Thanks everyone for your input. I have never really been happy with the ribs I have made. I have been starting with a wire frame and then filling it in with plastic bags. I may try using foil next time and then covering with liquid nail.


----------



## Mr_Chicken (Nov 26, 2008)

This is how I do mine: http://www.instructables.com/id/Paper_Mache_Skeletons/

They won't flatten if you use about three layers rolled _really, really_ tightly.


----------



## Jaybo (Mar 2, 2009)

Mr_Chicken said:


> This is how I do mine: http://www.instructables.com/id/Paper_Mache_Skeletons/
> 
> They won't flatten if you use about three layers rolled _really, really_ tightly.

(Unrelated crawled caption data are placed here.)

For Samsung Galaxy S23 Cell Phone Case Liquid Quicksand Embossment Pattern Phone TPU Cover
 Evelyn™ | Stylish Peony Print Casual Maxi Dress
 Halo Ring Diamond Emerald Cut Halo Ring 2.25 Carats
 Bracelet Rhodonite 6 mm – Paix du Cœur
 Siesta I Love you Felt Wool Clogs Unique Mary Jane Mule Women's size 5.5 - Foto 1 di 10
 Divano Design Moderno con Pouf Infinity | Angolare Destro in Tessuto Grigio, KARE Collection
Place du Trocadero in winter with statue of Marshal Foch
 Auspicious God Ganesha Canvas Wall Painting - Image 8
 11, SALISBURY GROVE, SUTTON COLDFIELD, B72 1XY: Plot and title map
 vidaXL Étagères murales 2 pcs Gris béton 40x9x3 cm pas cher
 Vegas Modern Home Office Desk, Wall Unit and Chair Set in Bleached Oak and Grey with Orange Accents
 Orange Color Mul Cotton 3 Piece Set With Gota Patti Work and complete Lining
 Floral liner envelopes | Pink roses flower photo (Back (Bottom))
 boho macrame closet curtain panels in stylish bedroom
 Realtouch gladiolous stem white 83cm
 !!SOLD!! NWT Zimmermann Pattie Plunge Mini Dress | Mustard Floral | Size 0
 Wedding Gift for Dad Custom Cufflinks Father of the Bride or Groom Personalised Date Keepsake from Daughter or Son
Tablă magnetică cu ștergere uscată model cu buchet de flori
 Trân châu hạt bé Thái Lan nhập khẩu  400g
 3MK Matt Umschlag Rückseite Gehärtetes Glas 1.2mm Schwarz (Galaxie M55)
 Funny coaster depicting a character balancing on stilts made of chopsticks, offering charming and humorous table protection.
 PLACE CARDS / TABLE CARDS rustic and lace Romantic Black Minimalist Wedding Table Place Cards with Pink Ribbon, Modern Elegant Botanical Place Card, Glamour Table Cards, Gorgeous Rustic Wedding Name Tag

Yep, that's the same way I've made mine in the past, using several sheets of paper tightly rolled together. I also twist mine as if I am wringing water out of a wash cloth and tape them with masking tape or duct tape. I then detail them with wrinkled paste soaked thin paper towels (think cheap paper towels from the public restroom), layers of toilet paper, and unrolled cotton balls soaked in paste.


----------



## Troll Wizard (May 3, 2012)

I made mine a little different. I started with branches from trees that were flexible. I then began to wrap cheese cloth around them with paper mache. I then attached them to the breast plate which was formed from chicken wire. Used different sizes of branches to give the look of a rib cage. Sorry that I don't have any pictures to show. When I took computer in for a tune-up we did a back up before taking it in, but along the way I've lost a lot of my photos. Sorry everyone.


----------



## Terrormaster (Sep 27, 2007)

Dang, I remember Marrow had some great in progress pics of some groundbreakers in this thread http://www.hauntforum.com/showthread.php?t=26886 but now they're gone.


----------



## Sawtooth Jack (Apr 9, 2011)

I just use a cardboard form that I tape rolled newsprint to for mass. Like so:


----------



## discozombie (Jun 21, 2012)

I also used the cardboard armature attached rolled newspaper with masking tape.


----------



## danf1973 (Jun 29, 2011)

Terrormaster said:


> I often study work by other haunters and artists. Not to mimic their style. But to learn new techniques to improve my own work. Like a lot of haunters I often find myself returning to Rot's work - the man is a genius. One of the things he does incredibly well are the ribs. My understanding is that he pretty much works exclusively with natural elements found in nature and paper mache.
> 
> 
> 
> ...


Man I'm so with you! I would pay to have a look into how he does some of his work but I understand its a secret.


----------



## QueenRuby2002 (Oct 23, 2011)

I uesuly start my ribs with a nice rub then throw in the oven on low for an hour then I smother them with my homemade BBQ sauce and throw them on the grill for another hour. J/K couldn't reist.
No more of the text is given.